#TranslatedLit An Introduction to Modjaji Books by Colleen Higgs

Since 2007 Modjaji Books has been pushing the boundaries of publishing in southern Africa. We put women’s writing and experiences at the heart of our work. We publish everything from poetry and short stories to novels and memoirs. We publish women of all cultures, races and ages.

We have published books on themes such as gender based violence, stillbirths, gender and sexual orientation, female sexuality and the experience that women of all backgrounds share – living in a partiarchial world. Some of these things had not been published in South Africa before. Our catalogue encompasses a wide range of women’s experiences including, but not limited to, motherhood and sisterhood, documentary film-making and journalism, teaching and art, bread making, marriage and partnerships, acting and playwriting, activism and mentoring. 

Our authors are southern African women and women born in other parts of the world who live here now.

We love making our book covers beautiful by using original artworks by local artists (mostly women) and we often use hand lettering for the title and author name.

Modjaji’s work has been risky and underfunded, and has made our ongoing survival precarious and stressful. We survive because we have had some angel investors and brilliant young interns (who are paid a stipend). In spite of our makeshift existence, Modjaji has been warmly welcomed and supported by the literary community, both in South Africa and internationally. We’ve been invited as a guest to many book fairs – in particular Frankfurt, Geneva, Doha, Nairobi and the South African Book Fair. Our readers, writers, book designers, cover artists, distributors, booksellers, printers, media and other vital parts of the literary world, have all been part of ensuring our survival and presence in the literary world.

African Books Collective is an important partner for us, where we have world rights they distribute our titles internationally using Print on Demand technology and via e-books. They represent us at conferences on African literature – our books being visible and available for international purchase has helped us build our readership and provides a welcome additional income stream. It also means we can get books sent to book fairs and for international award submissions more easily than from here.
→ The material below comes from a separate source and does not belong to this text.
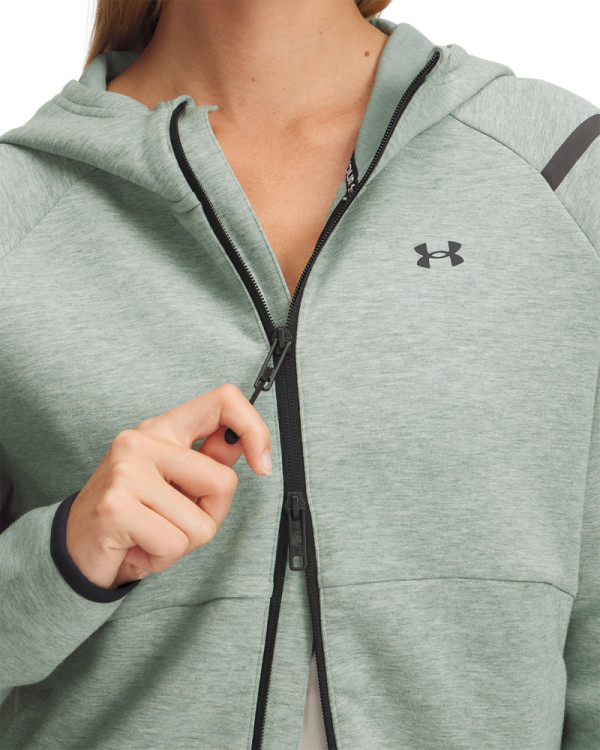 Women's UA Unstoppable Fleece Full-Zip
(Modjaji author: Trifonia Melibea Obono)

A number of our authors have won awards and this has boosted their careers. Most of our writers have enjoyed new opportunities as a result of their book/s being published with us: writers’ residencies, being picked up by agents, movie rights optioned, invitations to literary festivals here and abroad, job offers, new ways of earning an income, being included in prestigious anthologies, writers in residence, lecturers on MFA courses.

We’ve sold rights to some of our titles to presses in Brazil, Canada, Mozambique, Norway, Germany, France, the US, Nigeria, the UK, and Australia. Our writers have had the pleasure and experience of their books being received by international readers and those who have read in languages other than English, and in some cases have enjoyed being invited on book tours and to events in countries in other parts of the world.

We are proud to belong to the International Alliance of Independent Publishers and to participate in bringing diversity to the literary world along with fellow publishers globally who are also committed to this goal. As independent publishers we make a difference to what can and what is published, and to representing views and experiences which are local, controversial, critical, particular.

(Colleen Higgs started Modjaji Books in 2007. Colleen also wrote A rough guide to small-scale and self-publishing (2005, Centre for the Book) and the South African Small Publishers’ Catalogue (edited with Maire Fisher, 2006, Centre for the Book) and has consistently championed small-scale, self and independent publishing in South Africa.)